Op-Ed: Constitution–Concrete or Clay?

Bertram Halbruner

By Bertram Halbruner

As I write this from my home near Woodbine, autumn is fast approaching. Each year around this time my mind wanders back to my days in school. For it was in these weeks preceding Thanksgiving that we always studied early U.S. History. It was then that I developed my love for the history of our nation. I enjoyed colonial history. Hence, my interest in the Constitution, civics, and such.
The United States Constitution, ratified in 1791, is the foundation and blueprint for our nation’s government and the civil liberties of its people. Having been written and ratified more than 230 years ago, some today, may wonder if it is still relevant. Should we view the Constitution as a solid foundation like concrete, or should we see it as clay in the sculptors’ hands? Is it static or something to be redirected with every wind of change? Should we hold it dear and cherish its precepts? Or should we replace it with something more contemporary that reflects the diversity of today’s culture.
It has been said by historians, that the men who gathered to write our Constitution, where perhaps the greatest collection of intellectual minds the world has ever known. While perhaps not having university degrees, they were nonetheless some of the greatest minds ever gathered in one place at one time. They were also patriots. These men had fought a revolution and made indescribable sacrifice to bring about the nation we now live in. Their dedication to the principals and ideals we hold dear, was to them, worth dying for. They gave us those principals and ideals in the greatest legal document ever to have been written: The United States Constitution.
Our founding fathers experienced things that we, today, do not and never have. They had spent long years fighting a revolution. They had lived, since landing on Americas shores, under the rule of King George. They had never truly known the freedoms we enjoy today. Unlike us, expressing a dissenting opinion could get you arrested. This was the case with Alexander McDougall. In 1769, he wrote and published, “The Betrayed of New York, a criticism of a vote by the New York Colonial Assembly. Subsequent to its publication, McDougall was arrested and imprisoned for a few months, for “liable.” While colonists enjoyed a measure of free speech, it was not wise of one to be critical of the government! 
The Colonists also experienced heavy taxation. The Sugar Act greatly increased the already burdensome tax on molasses. The Stamp Act required most printed material, in the Colonies, to use paper produced in London, which bore a “revenue stamp” or what we know as a tax stamp. Then there was the Tea Tax, which resulted in the Boston Tea Party. There were colonial assemblies for governing the colonies, however their powers were strictly limited by England, for fear they would become autonomous. Hence the term “No taxation without representation” was born.
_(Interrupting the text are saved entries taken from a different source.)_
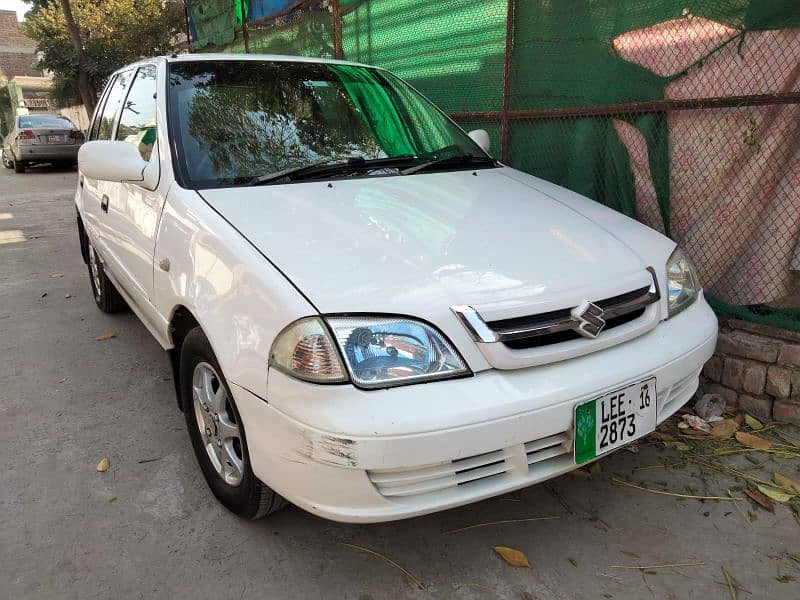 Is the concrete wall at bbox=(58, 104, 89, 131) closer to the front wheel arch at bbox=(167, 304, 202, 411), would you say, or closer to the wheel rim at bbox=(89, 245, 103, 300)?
the wheel rim at bbox=(89, 245, 103, 300)

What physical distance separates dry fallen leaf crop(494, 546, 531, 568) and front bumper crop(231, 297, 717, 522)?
1.30 ft

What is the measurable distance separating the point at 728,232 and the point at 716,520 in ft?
4.84

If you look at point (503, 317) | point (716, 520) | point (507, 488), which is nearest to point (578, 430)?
point (507, 488)

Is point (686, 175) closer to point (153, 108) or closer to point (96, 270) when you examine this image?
point (153, 108)

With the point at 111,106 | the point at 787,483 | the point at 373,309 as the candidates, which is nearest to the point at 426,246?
the point at 373,309

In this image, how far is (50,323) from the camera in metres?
4.52

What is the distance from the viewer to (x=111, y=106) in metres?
3.98

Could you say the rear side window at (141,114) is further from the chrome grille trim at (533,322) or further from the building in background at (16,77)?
the building in background at (16,77)

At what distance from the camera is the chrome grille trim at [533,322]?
179 cm

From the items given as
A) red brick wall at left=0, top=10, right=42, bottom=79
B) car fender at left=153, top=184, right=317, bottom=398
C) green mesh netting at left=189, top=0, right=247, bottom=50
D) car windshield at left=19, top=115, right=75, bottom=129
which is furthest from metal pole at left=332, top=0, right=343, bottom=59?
red brick wall at left=0, top=10, right=42, bottom=79

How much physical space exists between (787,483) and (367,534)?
167 cm

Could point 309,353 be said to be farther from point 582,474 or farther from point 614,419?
point 582,474

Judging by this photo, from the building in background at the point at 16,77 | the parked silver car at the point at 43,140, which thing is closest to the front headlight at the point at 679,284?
the parked silver car at the point at 43,140

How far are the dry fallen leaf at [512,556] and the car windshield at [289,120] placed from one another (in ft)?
5.31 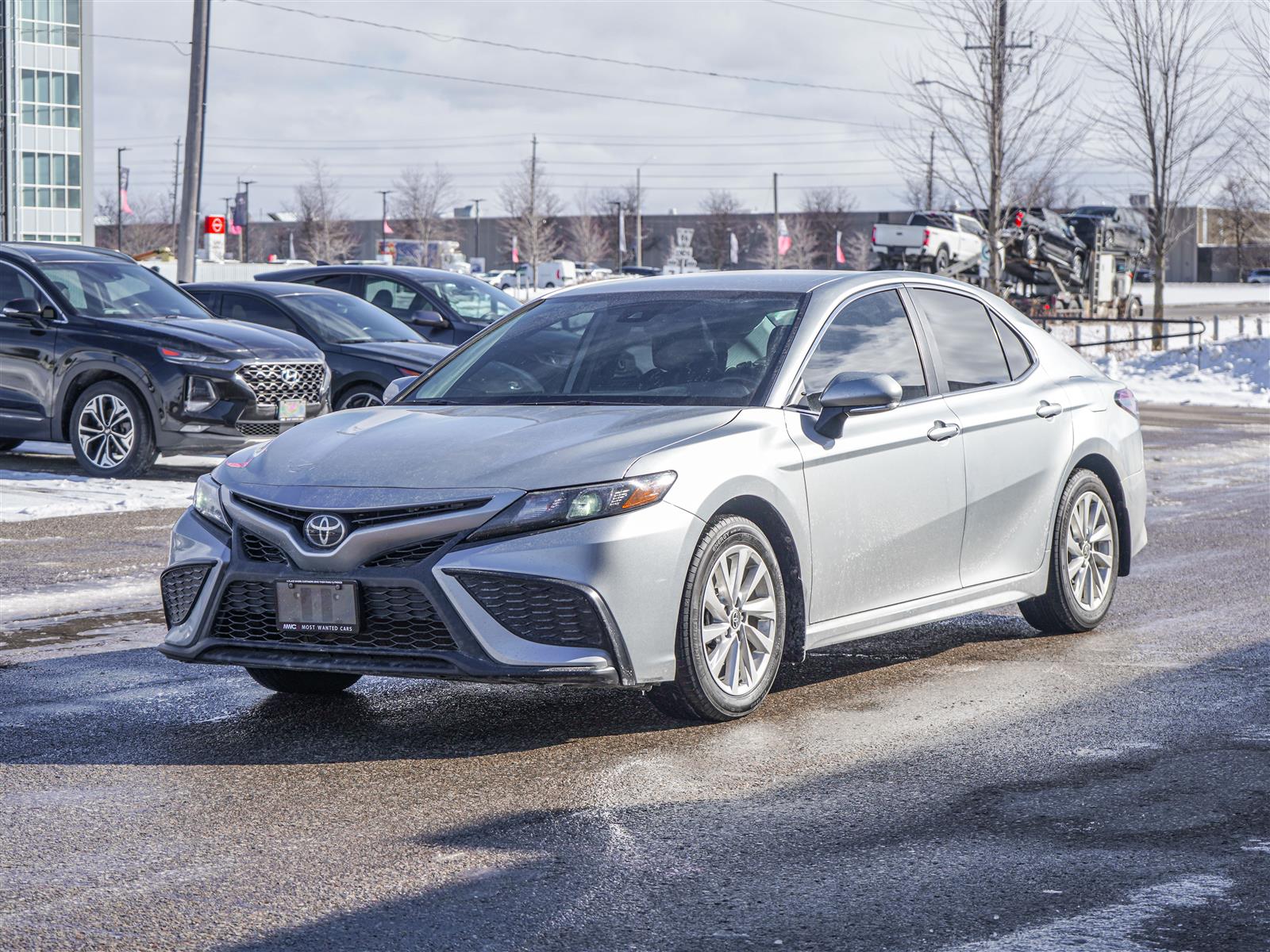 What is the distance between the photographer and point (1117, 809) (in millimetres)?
4840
Colonists believed they should enjoy all the rights and privileges of British citizenship, but found however, they did not. Instead, they were treated by Britain as second-class citizens.  In 1768, British troops arrived in Boston to support officials appointed by the King. They were also there to enforce unpopular “Parliamentary Legislation.” When 300-400 colonists protested the soldiers’ presence by harassing them, throwing snowballs and such, the soldiers opened fire. We know this today as the Boston Massacre! In essence, tyranny was a way of life. We see similar in many countries even today. Yet because it is not here, in America, for us to endure, we cannot fully comprehend its darkness. Nor can we fully appreciate the freedoms and protections afforded us by our Constitution.
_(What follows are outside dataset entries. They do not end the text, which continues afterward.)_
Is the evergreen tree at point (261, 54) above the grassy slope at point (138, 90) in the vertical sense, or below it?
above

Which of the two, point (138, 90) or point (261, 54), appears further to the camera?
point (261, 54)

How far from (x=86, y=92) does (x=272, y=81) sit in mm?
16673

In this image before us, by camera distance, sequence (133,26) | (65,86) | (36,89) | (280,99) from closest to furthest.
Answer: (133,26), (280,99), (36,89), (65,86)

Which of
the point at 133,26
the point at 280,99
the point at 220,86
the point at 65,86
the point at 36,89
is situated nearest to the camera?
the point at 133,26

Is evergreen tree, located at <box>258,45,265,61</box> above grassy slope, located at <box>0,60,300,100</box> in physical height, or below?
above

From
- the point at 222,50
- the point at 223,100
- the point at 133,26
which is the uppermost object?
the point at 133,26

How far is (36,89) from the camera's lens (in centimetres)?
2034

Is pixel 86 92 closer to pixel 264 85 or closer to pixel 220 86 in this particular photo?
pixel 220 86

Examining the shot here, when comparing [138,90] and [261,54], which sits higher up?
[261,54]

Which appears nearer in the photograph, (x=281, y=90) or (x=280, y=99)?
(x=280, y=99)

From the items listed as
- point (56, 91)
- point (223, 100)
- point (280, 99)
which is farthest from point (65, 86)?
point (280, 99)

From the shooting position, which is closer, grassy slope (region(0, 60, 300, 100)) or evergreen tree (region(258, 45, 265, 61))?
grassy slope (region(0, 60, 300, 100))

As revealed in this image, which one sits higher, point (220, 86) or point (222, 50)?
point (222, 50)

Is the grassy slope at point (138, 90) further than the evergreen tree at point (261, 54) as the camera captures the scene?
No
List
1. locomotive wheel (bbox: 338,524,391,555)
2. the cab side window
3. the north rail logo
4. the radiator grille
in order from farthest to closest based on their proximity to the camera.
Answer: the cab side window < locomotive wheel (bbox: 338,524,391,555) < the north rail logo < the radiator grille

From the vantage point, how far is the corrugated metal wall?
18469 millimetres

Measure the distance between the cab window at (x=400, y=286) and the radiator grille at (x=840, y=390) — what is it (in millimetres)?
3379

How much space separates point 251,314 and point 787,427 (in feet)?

When the framers of the Constitution drafted this document, they had good reason, and firsthand knowledge of why they needed such a thing. The concepts and ideals they placed within it were themselves, revolutionary. A government controlled by free men, to serve the needs of freemen.
Today one might suggest that we have no idea what the framers intended. We surely cannot read their minds, nor understand their intent both then and for future generations. Surely, we cannot comprehend the relevance or importance, if any, of the Constitution, in relation to today’s cultural diversities and political landscape.
This is not, however, an entirely accurate assessment. Many of the framers of the Constitution took up the pen and put to paper their thoughts, feelings, and intent in writing the Constitution. They explained what it meant and why it was needed.  Alexander Hamilton, James Madison, and John Jay wrote 85 articles and essays explaining the Constitution and encouraging its ratification by the people. These writings covered an array of topics including, but not limited to, The Dangers of Foreign Force and Influence, Dissention and Hostilities Between States, Commercial Relations, Economy In Government, Preserving the Union as well as The Difficulties of the Current Government, i.e. The Continental Congress. These writings are known today as The Federalist Papers. 
Their importance in explaining the Constitutions intent cannot be overstated. As of the year 2000, The U.S. Supreme Court had noted and referenced the Federalist Papers 291 times in issuing opinions regarding Constitutional interpretation and intent.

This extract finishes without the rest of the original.